● Data section:
● ● ●

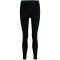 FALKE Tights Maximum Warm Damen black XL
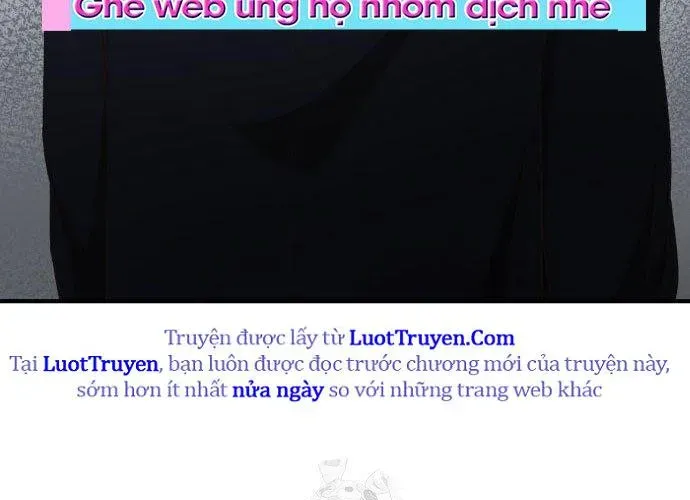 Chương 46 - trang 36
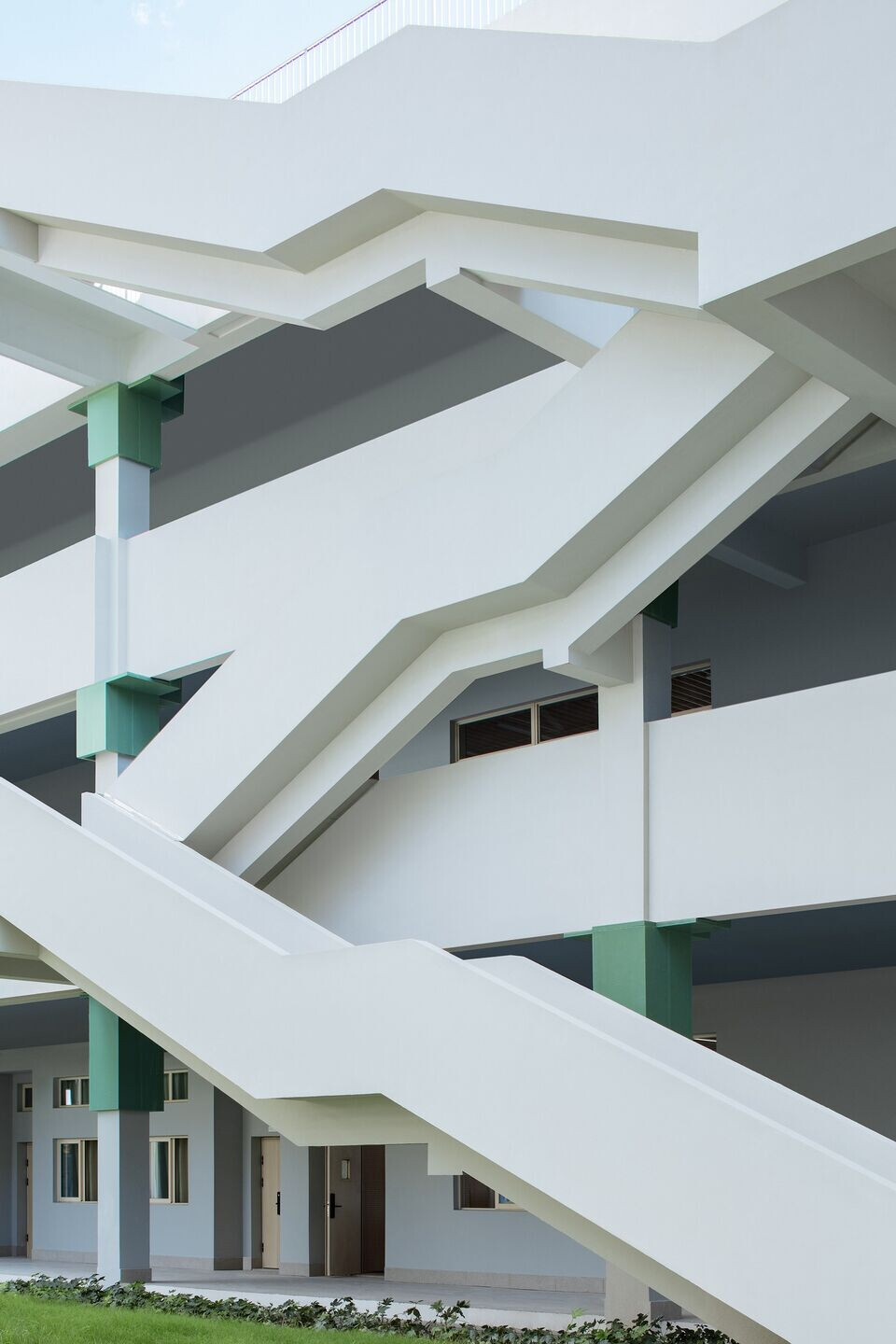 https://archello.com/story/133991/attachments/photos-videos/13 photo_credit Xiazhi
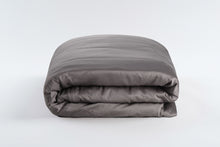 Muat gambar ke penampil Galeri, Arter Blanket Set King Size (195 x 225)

● ● ●

● Exercise details: Restate all the material verbatim; omit every picture.

● The answer:
 FALKE Tights Maximum Warm Damen black XL
 Chương 46 - trang 36
 https://archello.com/story/133991/attachments/photos-videos/13 photo_credit Xiazhi
 Muat gambar ke penampil Galeri, Arter Blanket Set King Size (195 x 225)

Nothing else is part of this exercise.